Mi piacerebbe approfondire con voi nelle prossime settimane quale sentire portiamo con noi quando pronunciamo queste parole.
Voi, da quali parole partireste?
Partirei dalla parola: SIAMO!
L’argomento è di per se complicato, nessuno può negare che SIAMO tutti responsabili dello sfruttamento del pianeta, chi più chi meno, chi consapevole o inconsapevole ma lo SIAMO tutti. Per ogni oggetto che usiamo in qualche modo violenxiamo il pianeta. usiamo le macchine, i cellulari, shampoo, detersivi, fazzoletti di carta, carta igenica, non c’è una cosa che non sia in qualche modo nociva o invasiva per il pianeta.
SIAMO. SIAMO tutti responsabili perchè vogliamo la proverbiale botte piena e moglie ubriaca. Ci scagliamo contro il petrolio e la tecnologia (giustamente nella maggior parte dei casi) ma non pensiamo che secompriamo un libro, un albero si è sacrificato? Quanti alberi per tutta la carta che riempe le librerie, per le riviste, le scatole e scatoloni? guardiamoci in torno e moltiplichiamolo per quanti…? Ma è naturale, è carta, è reciclabile, è deteriorabile. No, spesso ha inchiostri, prodotti chimici e plastiche e comunque per ottenerla si devono abbattere alberi, ossigeno, ricchezza per il pianeta, vita.
SIAMO tutti responsabili, tutti colpevoli. Ci piace la comodità, la facilità, la bellezza.

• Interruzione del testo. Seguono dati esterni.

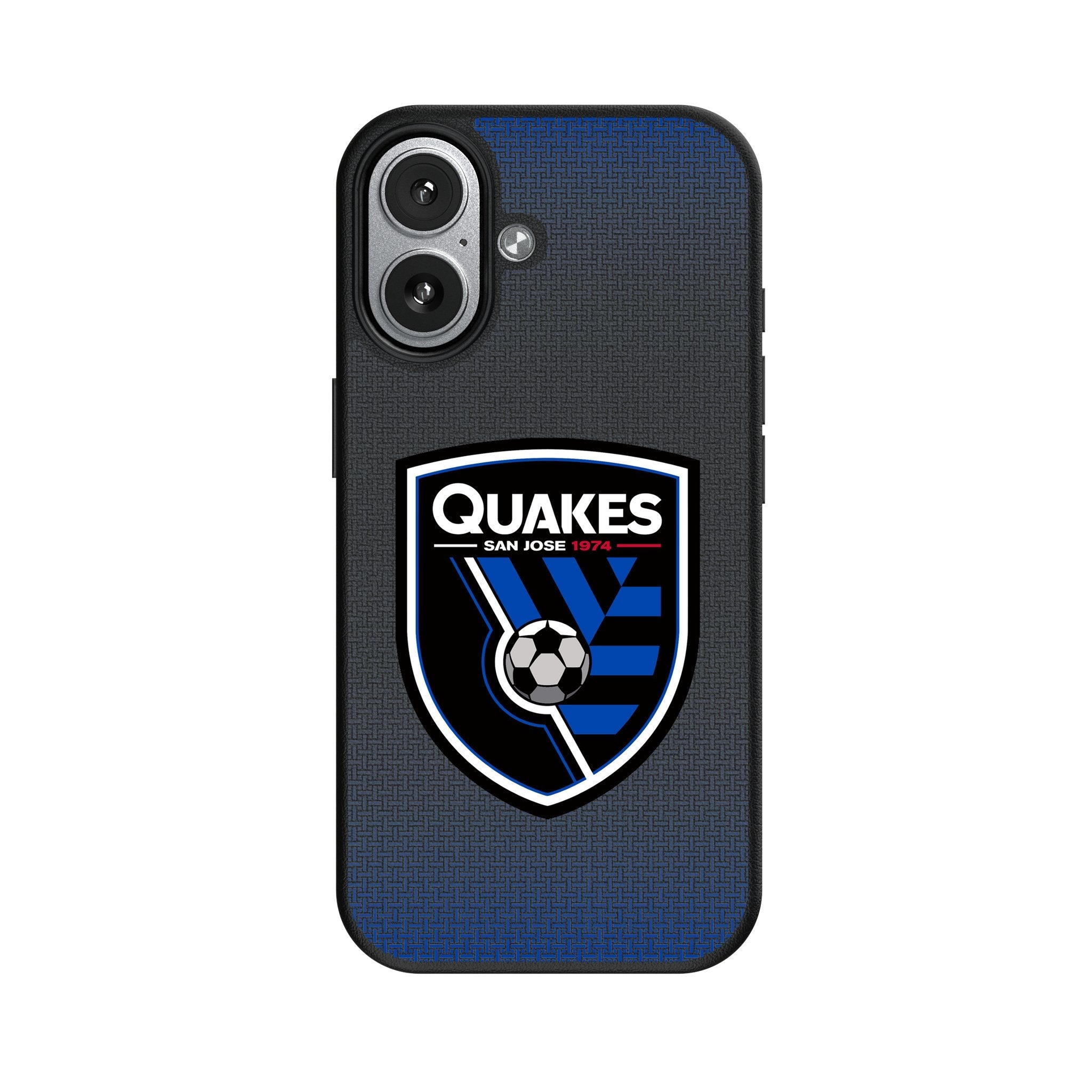 San Jose Earthquakes Linen MagSafe Compatible Phone Case for Apple iPhone 17 Series 4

SIAMO i creatori di quell’arte che tanto ci preme difendere, di quelle arti che sentiamo nostre e per cui siamo disposti a fingere che ci importi per 5 minuti al giorno del nostro tempo.
SIAMO. SIAMO responsabili ma non vogliamo esserlo. Non serve insultare, non serve fare scenette teatrali e mettersi a lavare la facciata davanti a tutti per attirare consensi.

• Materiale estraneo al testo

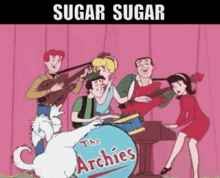 sugar sugar the archies honey honey 60s music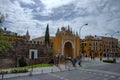 The Macarena Gate in Seville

SAREMO responsabili solo il giorno che accetteremo di sederci intorno ad un tavolo e ascolteremo davvero ciò che urla il pianeta, che rinunceremo a qualche piccola comodità per mettere davvero un cerotto sulla ferita aperta che continuiamo a provocare.
Più si urla, meno si viene ascoltati; più deturpano opere d’arte meno la gente sarà dalla loro parte.
Abbiamo tecnologia e scienziati con progetti e proposte che aiuterebbero a risollevare la salute del pianeta ma SIAMO troppo impegnati ad arrabbiarci per le cose sbagliate.
Un giorno SAREMO obbligati a fermarci tutti e guardare in faccia la realtà, quale dipende solo da noi. SIAMO o SAREMO?
Grazie per le tue osservazioni! Leggendo quanto scrivi mi permetto di estrarre un’altra parola che credo sia molto importante: RESPONSABILITA’. Quindi riprendendo il tuo commento: siamo tutti responsabili, nessuno escluso. Responsabilità è un termine che non va molto di moda, perché presuppone una profonda consapevolezza e un’etica elevata, che permettono di scegliere liberamente non tanto da che parte stare ma come percorrere strade possibili e talvolta come nel caso di questo giovane padre di essere cosciente delle conseguenze delle proprie azioni e di abbracciarle come tali.